» Exercise instructions:
Please return the records below exactly as they appear, leaving every picture out.

» Task material:
╭──

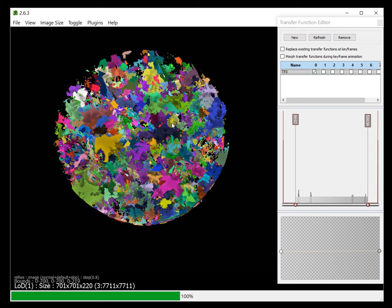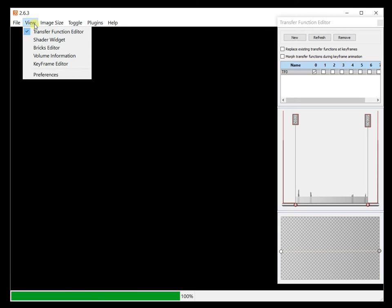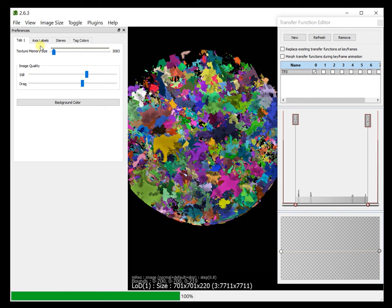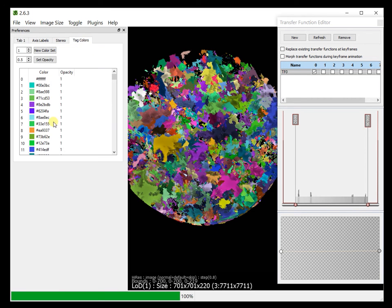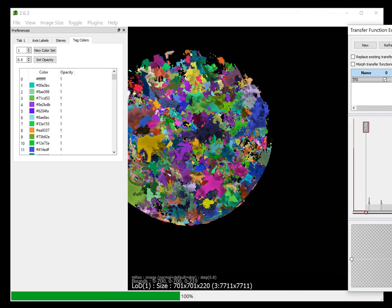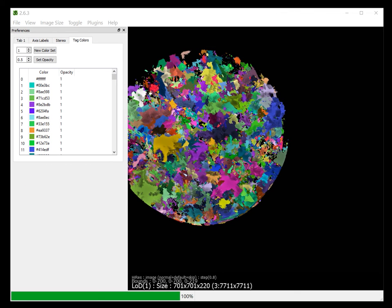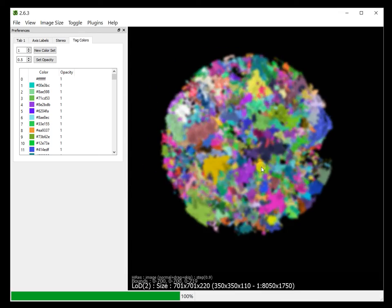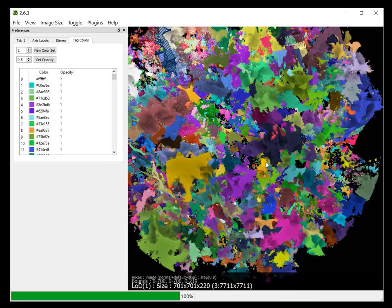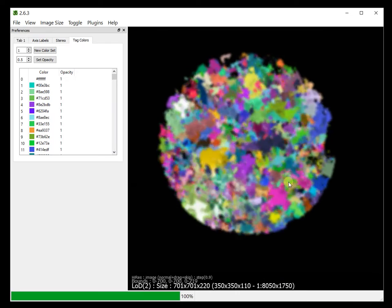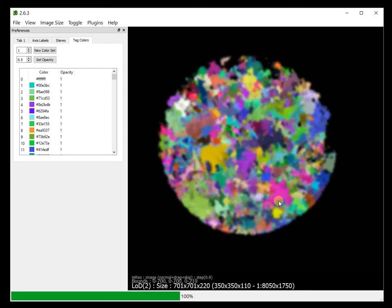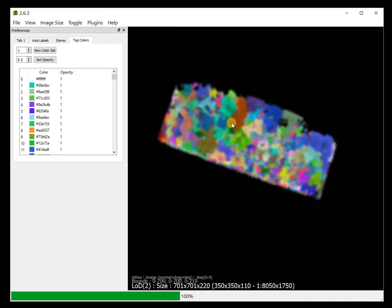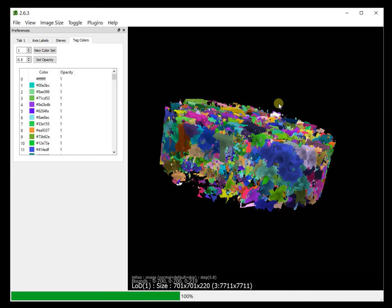Okay, so what is happening here is in the preferences, it is using these tag colors. I'll just move this out. It is using these tag colors to color the data.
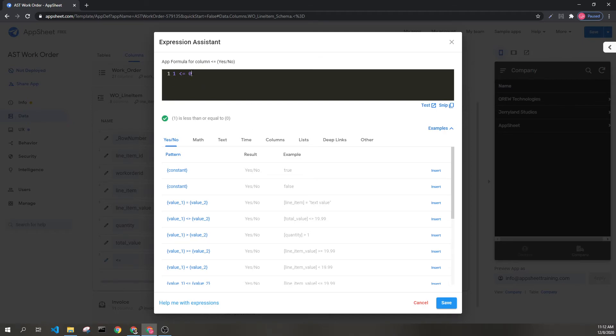You can also use this to compare things like dates, to see if one date came before or is the same as a second.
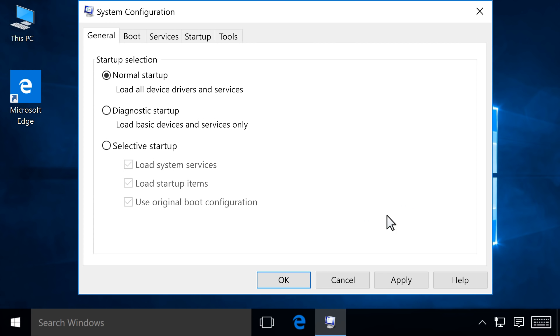In the System Configuration window, click the General tab. Click the box to select Selective Startup. Then click the box next to Load Startup Items to remove the checkmark.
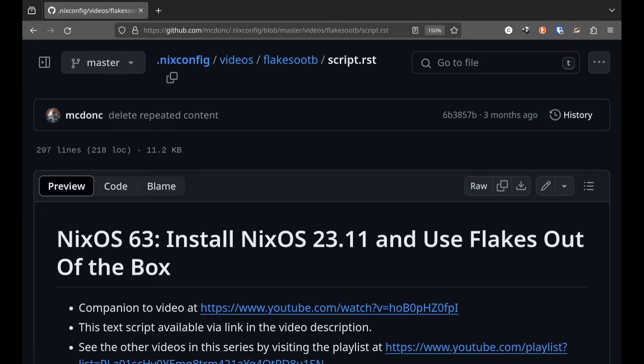I made a video not long ago, you can see it on the screen there, NixOS number 63, called Install NixOS 2311 and Use Flakes Out of the Box.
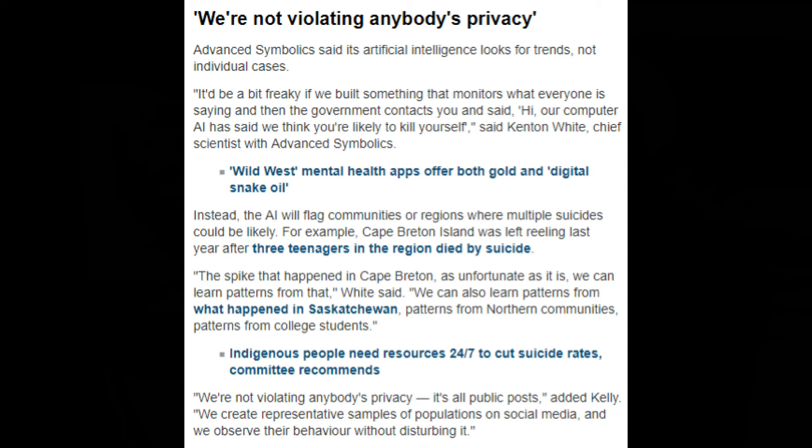'We're not violating anybody's privacy. It's all public posts,' added Kelly. 'We create representative samples of populations on social media and we observe their behavior without disturbing it.' But you know yourself, and most people know, most people didn't put their information out there with any knowledge that these people would be using this stuff.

╰──

» Written reply:
Okay, so what is happening here is in the preferences, it is using these tag colors. I'll just move this out. It is using these tag colors to color the data.
You can also use this to compare things like dates, to see if one date came before or is the same as a second.
In the System Configuration window, click the General tab. Click the box to select Selective Startup. Then click the box next to Load Startup Items to remove the checkmark.
I made a video not long ago, you can see it on the screen there, NixOS number 63, called Install NixOS 2311 and Use Flakes Out of the Box.
'We're not violating anybody's privacy. It's all public posts,' added Kelly. 'We create representative samples of populations on social media and we observe their behavior without disturbing it.' But you know yourself, and most people know, most people didn't put their information out there with any knowledge that these people would be using this stuff.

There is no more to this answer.